Ihr Lieben, der Beitrag über die „Mutter, die ihr Kind vergaß“ hat für viele Diskussionen gesorgt, um nicht zu sagen: Echte Aufregung. Bewegte Gemüter. Harsche Kritik, warum wir so etwas überhaupt publizieren!

Was wir bei so etwas sagen, ist als erstes: DANKE!
Ja, Danke. Auch für Kritik.

Denn nichts ist schlimmer für Blogger als ’ne Handvoll müde Likes und keine Reaktionen. Reaktionen sind gut. Wenn wir etwas schreiben, und etwas schwingt zurück, dann entsteht Kommunikation. Neue Gedanken. Buzz! Dafür schreiben wir! Wir wollen in der Menge baden, sonst würden wir heimlich Tagebuch schreiben.

Nun aber, wenn wir so etwas lesen müssen wie….

„Was ist der Sinn des Beitrags? Dass sich die Leserinnen über eine böse Rabenmutter aufregen können? Sorry, das ist BILD-Zeitung-Niveau. Hätte ich hier eigentlich nicht erwartet.“

… dann tut das schon etwas weh! Deswegen hier zu den meisten Punkten noch mal eine Stellungnahme.
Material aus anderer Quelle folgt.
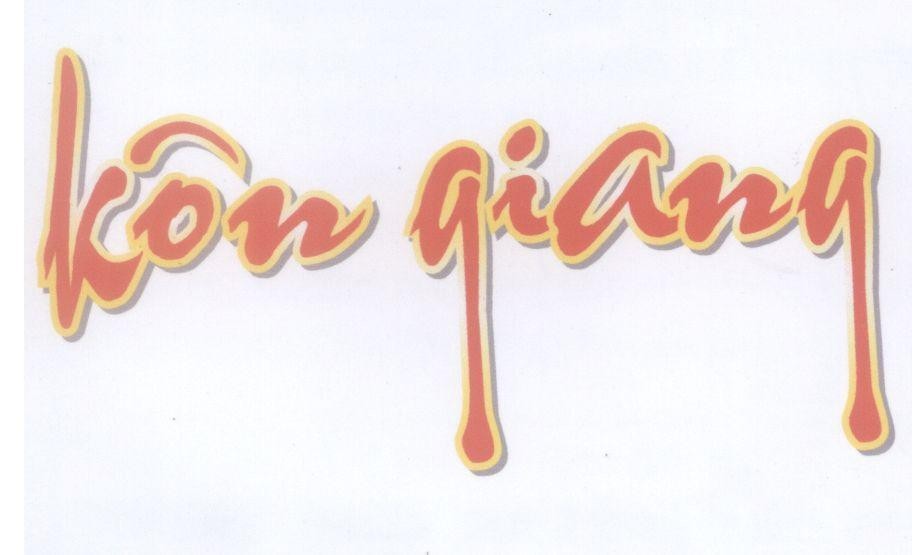 Mẫu nhãn hiệu Kôn Giang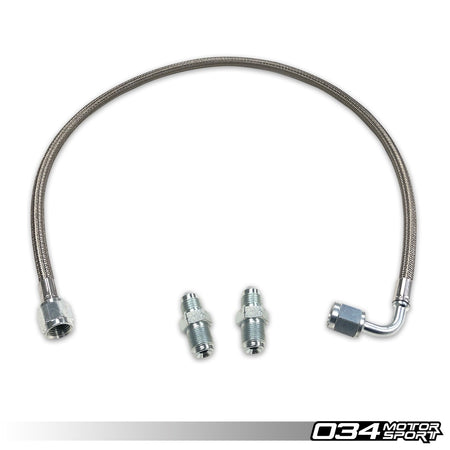 034Motorsport Braided Clutch Slave Hose - Audi 80 90 Coupe Quattro Small Chassis 1
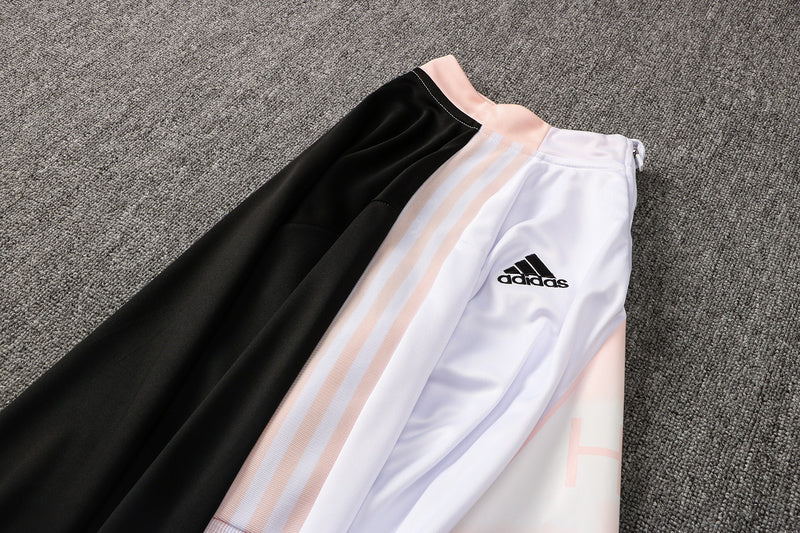 KIT PRÉ JOGO - JUVENTUS - BRANCO, ROSA E PRETO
Warum wir das Thema „Mutter, die ihr Kind vergaß“ gebracht haben

Also ich, Béa, habe den Beitrag von einer Leserin erhalten, die ich aber auch persönlich kenne, und fand es absolut aus dem Leben gegriffen. Ich hatte auch selbst mal eine ähnliche Situation, vor grauen handylosen Zeiten. Damals habe ich eine ganze Nacht mit einem armen, kranken Kind verbracht, das völlig durchgedreht ist und seine Mama haben wollte. Sie hatte sogar versprochen, sich noch mal Abends für einen Gute-Nacht-Kuss zu melden… und die Umstände, die wir hinterher aufgeklärt haben und für die sich entschuldigt hat, haben es nicht zugelassen. Sie war einfach weg, nicht erreichbar. Der Grund spielt keine Rolle. Es geht darum, wie es mir ging, drei Tage weg von einer wichtigen Prüfung an der Uni, selbst alleinerziehend und leicht gesundheitlich angeschlagen… und vor allem wie es ihrem Kind ging. NICHT GUT!
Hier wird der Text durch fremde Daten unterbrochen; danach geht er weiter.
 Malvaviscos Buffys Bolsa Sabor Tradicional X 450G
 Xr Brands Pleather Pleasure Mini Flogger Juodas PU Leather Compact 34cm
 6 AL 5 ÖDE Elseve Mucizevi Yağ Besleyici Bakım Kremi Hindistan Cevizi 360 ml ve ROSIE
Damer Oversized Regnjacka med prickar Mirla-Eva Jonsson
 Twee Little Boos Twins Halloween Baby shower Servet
Nun ja, ich bin eine erfahrene Kinderflüsterin und kreative Ablenkungserfinderin, aber da hat einfach nichts geholfen. Keine von mir gezeichneten blauen Katzen mit roten Ballerinas, kein TV, keine Gummibärchen. Körperkontakt komplett verweigert. Ich hatte ein verschrockenes, weinendes Häufchen Elend in der Ecke und da ging gar nichts. Ich konnte die Stressbelastung in der Geschichte absolut verstehen.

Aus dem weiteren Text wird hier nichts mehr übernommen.